5. Vegetation Selection
Unlike natural wetlands and wastewater treatment wetlands, stormwater wetlands have relatively dramatic and frequent changes in water depth. In the shallow water zone, water depth can increase from 3-15 inches and back again to 3 inches in as few as three days. Therefore, it is extremely important to include multiple species of wetland vegetation in each area and monitor their survival. To learn more about appropriate wetland plants, visit the Texas Parks and Wildlife Department’s Plan Information Database.
Cost and Maintenance
All the costs considered below assume the stormwater wetland would be built or retrofitted into a stormwater detention facility.

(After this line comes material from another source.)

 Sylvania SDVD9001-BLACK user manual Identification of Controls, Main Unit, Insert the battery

Moving soil or building a wetland from scratch is also not included in the estimates below.
- Design and Engineering: as high as $8,000-$15,000 per acre
- Grading: an additional 5-10%
- Retrofit grading and construction: $5,000-$15,000 an acre
- Installing vegetation: $10,000-$20,000 an acre
- Outlet structure construction: $10,000-$15,000
- Overall cost for wetland in a detention basin designed for a wetland: approximately $40,000
- Overall cost for a retrofit wetland: $50,000
Maintenance is similar to that of a pond. Periodic dredging (every 2-5 years) would be required to maintain the depth of the small forebay. Vegetation would have to be managed, such as assessing the survival of the different plant species and removal of plant species known to harbor mosquitoes. It is best to design the wetland so it periodically dries out and can be mowed to control brush. Alternatively, a permanent inundated wetland also helps to reduce brush infestation.
A Few Health and Safety Tips
Mosquitoes should not be a problem if the wetland is designed correctly and maintained adequately.

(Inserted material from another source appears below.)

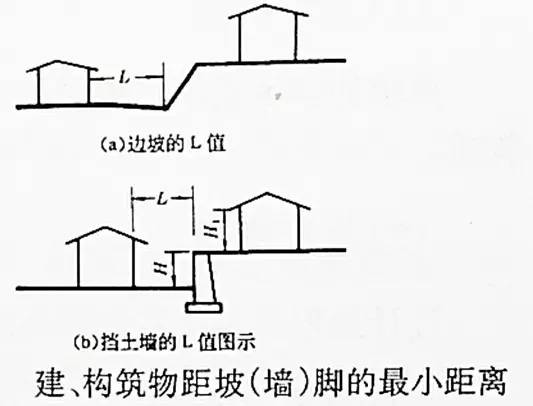 市政工程豎向設(shè)計的總結(jié)！_11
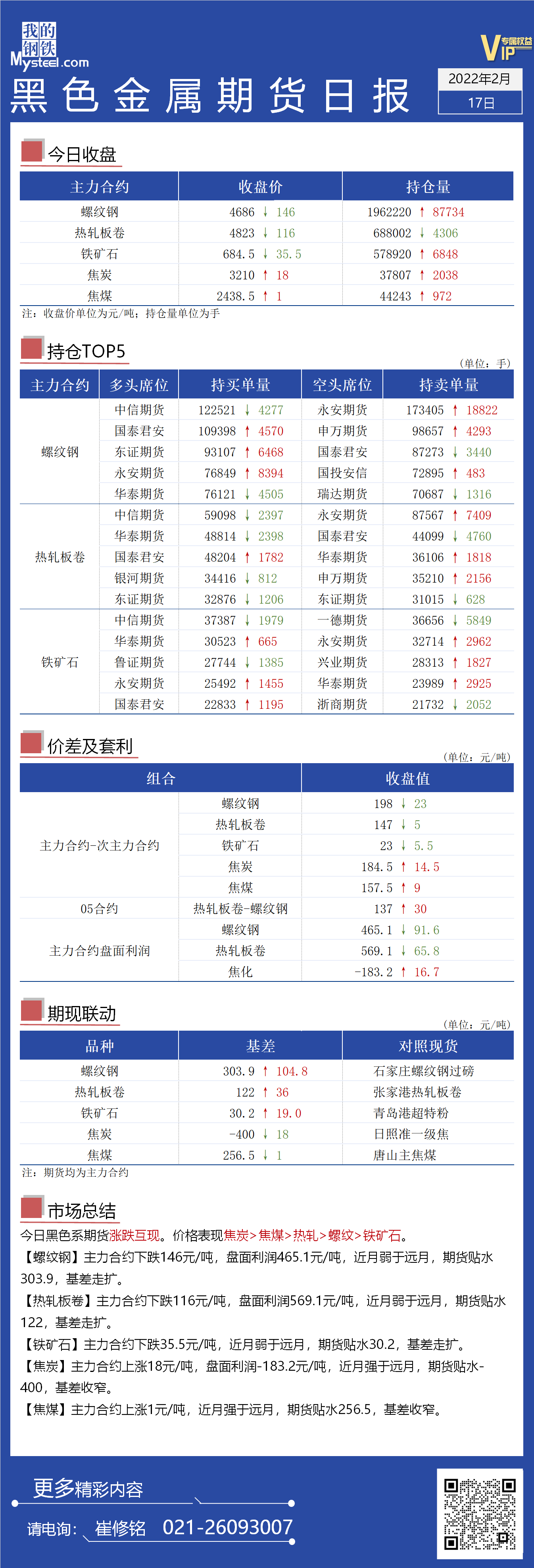 Mysteel日报：黑色金属期货弱势调整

Design the wetland with some deeper zones of permanent water where mosquito fish can be stocked.
Avoid planting certain vegetation that provides habitat for mosquitoes.

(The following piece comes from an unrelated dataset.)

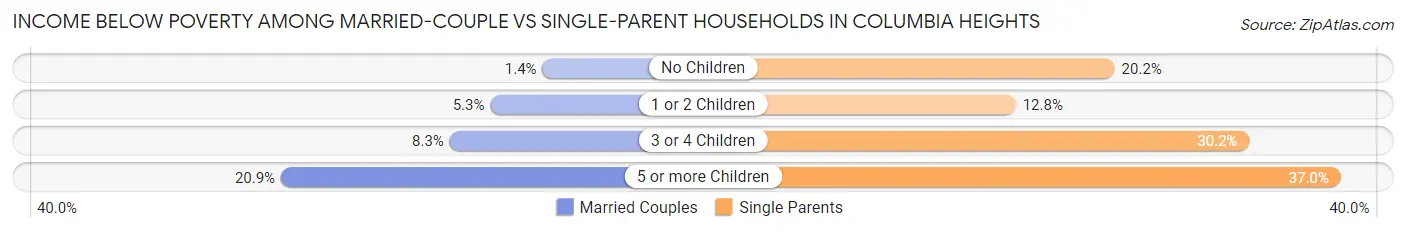 Income Below Poverty Among Married-Couple vs Single-Parent Households in Columbia Heights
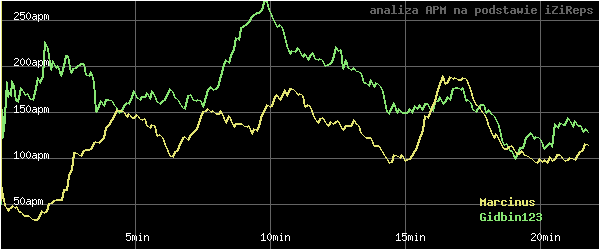 wykres APM - actions per minute - w czasie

Avoid any potential drowning incidents by Including a shallow shelf along the edge of the deeper zones.
Snakes and other wildlife will be a natural part of the stormwater wetland. Small children should always be accompanied when exploring the area.
Ecological and Cultural Value
By marrying stormwater wetlands and the stormwater drainage and conveyance system we put nature back in our front yards. When we incorporate natural features into detention basins and drainage channels, they become a neighborhood amenity and could actually increase property values, much as a park does for adjacent land (Crompton, 2005). It also restores some of the habitat and landscape functions lost to development. Instead of concrete channels and basins, our communities can have ribbons of lush vegetation that add character and provide opportunities for contact with nature for all of our citizens. Stormwater wetlands allow us to improve water quality as well as quality of life as we add beauty and ecological functionality to our communities.